• _AIM OF THE TASK_
Scan the data below. Pull out each line where "steel" occurs.

### RECORDED DATA

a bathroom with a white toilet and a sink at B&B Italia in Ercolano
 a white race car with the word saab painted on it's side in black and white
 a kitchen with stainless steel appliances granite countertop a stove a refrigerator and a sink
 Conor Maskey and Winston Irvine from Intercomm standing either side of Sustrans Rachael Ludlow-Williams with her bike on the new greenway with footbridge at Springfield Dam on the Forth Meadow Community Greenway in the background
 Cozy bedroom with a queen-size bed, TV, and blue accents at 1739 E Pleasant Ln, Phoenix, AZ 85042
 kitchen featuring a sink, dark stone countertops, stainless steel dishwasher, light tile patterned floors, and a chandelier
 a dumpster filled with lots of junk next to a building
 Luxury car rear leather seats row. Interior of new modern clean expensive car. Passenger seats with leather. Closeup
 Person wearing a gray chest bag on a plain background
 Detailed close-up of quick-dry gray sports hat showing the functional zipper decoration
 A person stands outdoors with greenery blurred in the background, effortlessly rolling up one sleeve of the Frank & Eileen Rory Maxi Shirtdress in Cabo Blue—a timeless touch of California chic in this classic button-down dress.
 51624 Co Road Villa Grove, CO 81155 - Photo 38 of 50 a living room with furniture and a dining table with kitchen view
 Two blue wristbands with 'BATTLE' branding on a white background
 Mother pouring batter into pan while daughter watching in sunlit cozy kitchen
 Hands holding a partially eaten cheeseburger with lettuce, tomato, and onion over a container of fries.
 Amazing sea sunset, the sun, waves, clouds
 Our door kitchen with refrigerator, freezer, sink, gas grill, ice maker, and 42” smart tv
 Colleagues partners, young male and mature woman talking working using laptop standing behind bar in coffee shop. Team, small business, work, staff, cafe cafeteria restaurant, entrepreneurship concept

######

• _SOLUTION TO THE PROBLEM_
 a kitchen with stainless steel appliances granite countertop a stove a refrigerator and a sink
 kitchen featuring a sink, dark stone countertops, stainless steel dishwasher, light tile patterned floors, and a chandelier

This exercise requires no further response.